Earlier this week at a panel hosted by Rep. Cathy McMorris Rodgers, R-Wash a number of female CEOs in the STEM (science, technology, engineering and mathematics) field came to tell lawmakers what they need to create jobs. But several of the executives ended up talking about the jobs, and even potential jobs, that remain unfilled at their companies. Lisa Hook, CEO of Neustar Inc., a Sterling, Va.-based telecommunications company, said the problem starts in the classroom. Not enough kids are being trained to go into STEM. By 2018, there will be 1.4 million computing job openings in the United States, but given graduation rates, only 29% of those jobs will be filled by U.S. graduates; 40 states produce fewer computing graduates than needed to fill projected openings in their states; and most disturbingly the number of girls studying computing has declined 13% in the past 10 years. Hook said the lack of girls going into this field was an issue near and dear to her heart.

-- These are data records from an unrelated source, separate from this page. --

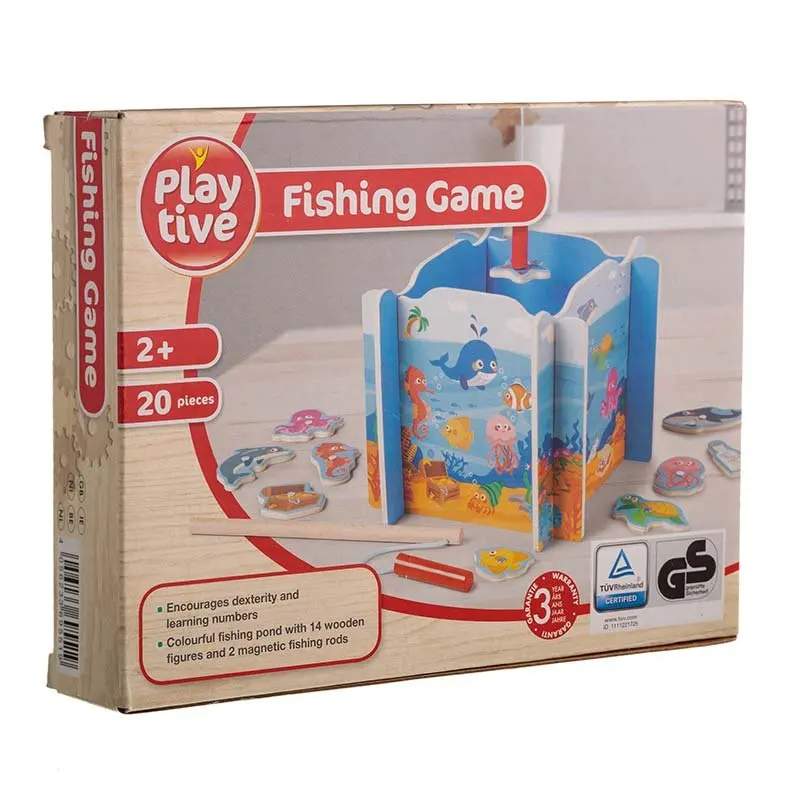 The magnetic fishing game in its box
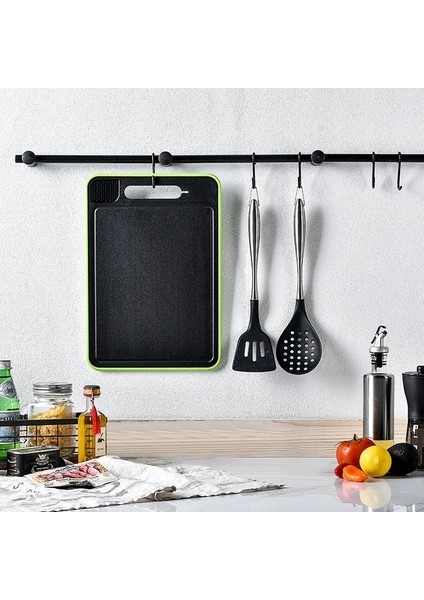Siyah 36.5X25.1X10.2 cm Siyah 4 In 1 Çift Taraflı Ev Kesme Tahtası Çok Fonksiyonlu Bıçak Bileyici Öğütücü Mutfak Hızlı Çözülme Çan Çiçeği Plaka (Yurt Dışından)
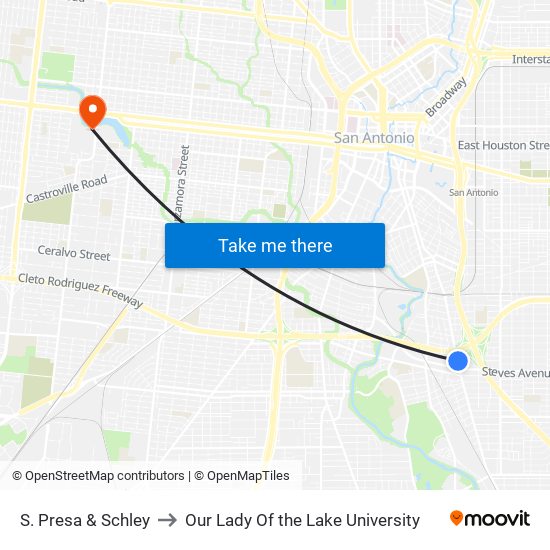 S. Presa & Schley to Our Lady Of the Lake University map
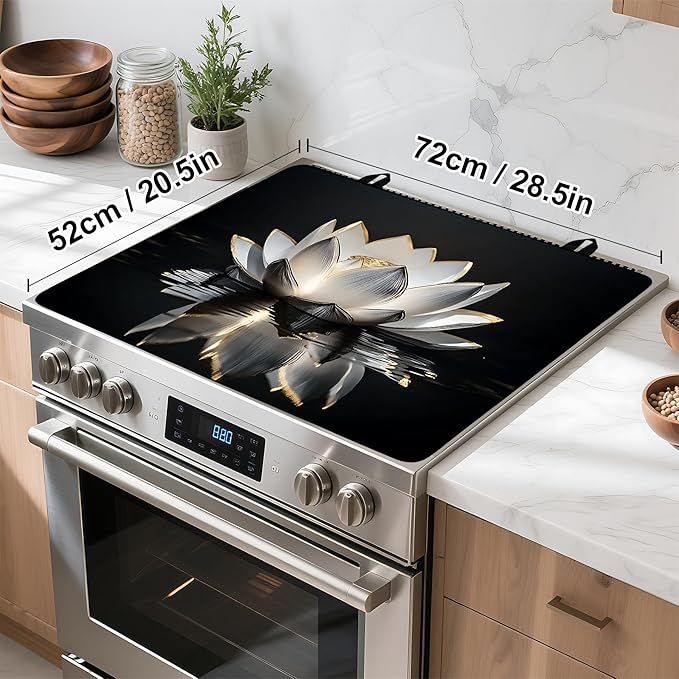 Stove Top Cover Flower Gas Stove Top Cover for Home Decoration Kitchen Pad Non-Stick Washable Cooktop Covers Countertop Protector Keep Stove Clean (White lotus, 28L"x20W")
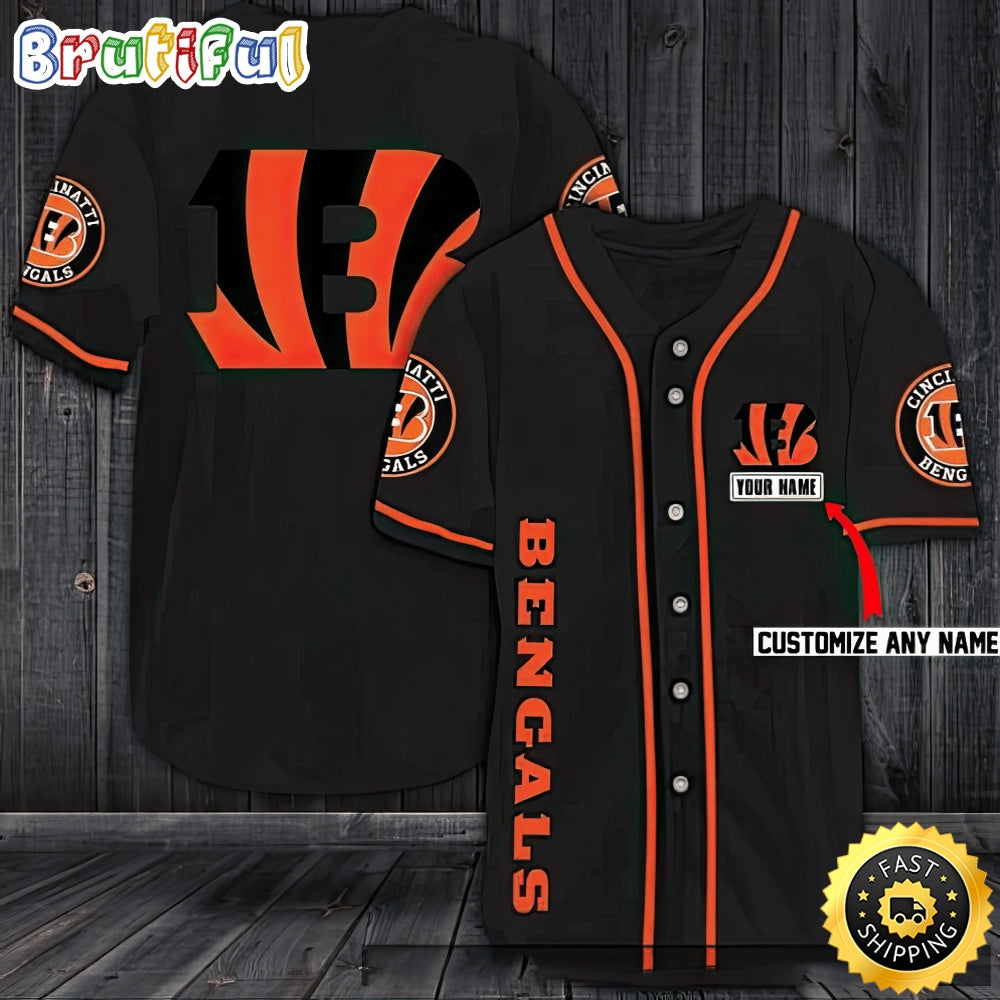 Personalized NFL Cincinnati Bengals Logo Baseball Jersey Shirt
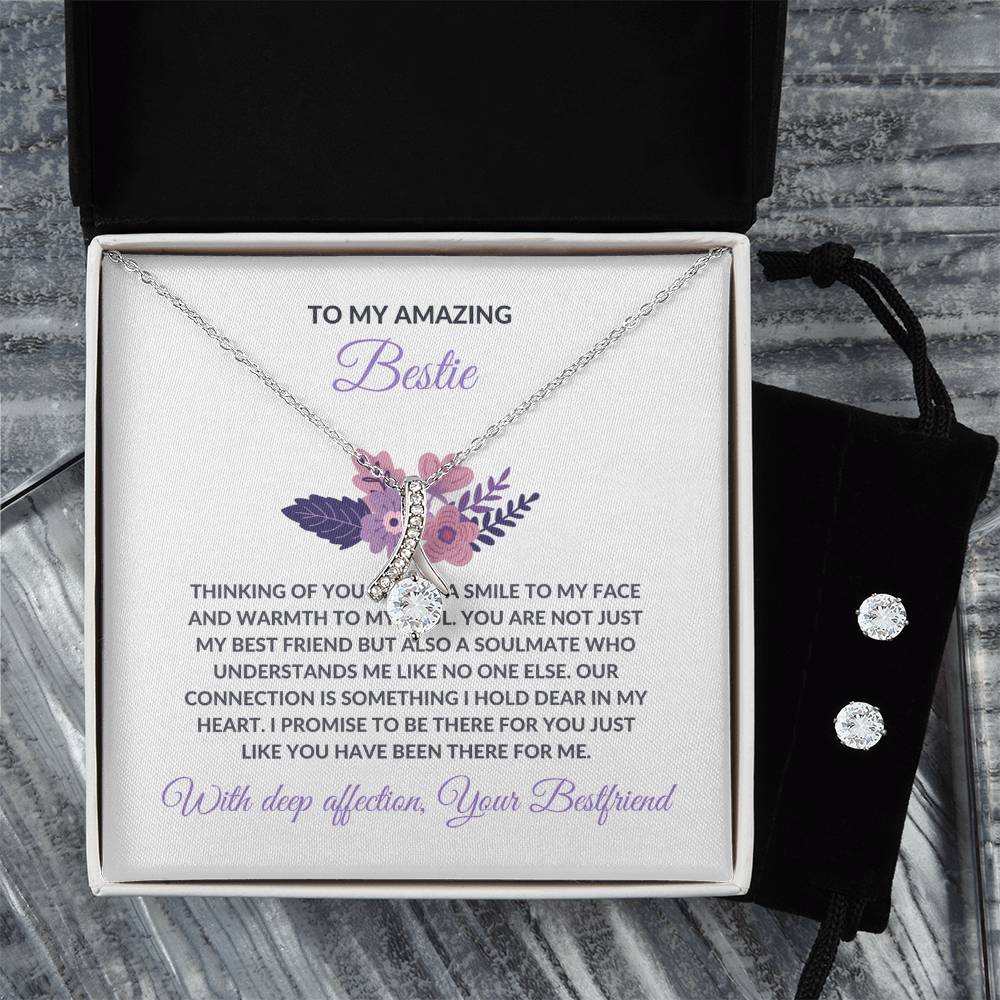 To My Amazing Best Friend - Alluring Beauty Necklace and Earrings Set | Gift for Best Friend | Friendship Gift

A survey by the Bayer Corporation came out today showing that American women entering college are the best prepared academically to hit the books and successfully graduate with a STEM degree (82%), according to a survey of faculty from the nation’s top 200 research universities who chair STEM departments. However, many of these women don’t end up graduating with these degrees. The chairs say being discouraged from a STEM career is still an issue today for both female and underrepresented minority (URM) STEM undergraduate students (59%) and that traditional rigorous introductory instructional approaches that “weed out” students early on from STEM studies are generally harmful and more so to URM (56%) and female (27%) students compared to majority students (i.e. Caucasian and Asian males). “One of the greatest challenges most universities face is changing the culture of teaching and learning in STEM courses,” said Dr. Freeman Hrabowski, President of the University of Maryland, Baltimore County (UMBC). Hrabowski said:
“Too often, we in higher education believe high quality is related to how many students are weeded out of STEM courses. Instead, the emphasis should be on rigorous course work coupled with support, together leading to larger numbers of students succeeding academically. We should also be giving faculty support, including professional development opportunities, enabling them to redesign courses, make the best use of technology, and encourage group collaboration.”
And obviously this problem is also contributing to a lot of jobs in this field not being filled. “It’s incredibly challenging to get good technical people,” said Alison Brown, CEO of Navsys Corp., a Colorado Springs, Colo.-based GPS technology company. “There’s an enormous amount of demand, there’s competition, quite frankly between industries and labs and federal institutes.”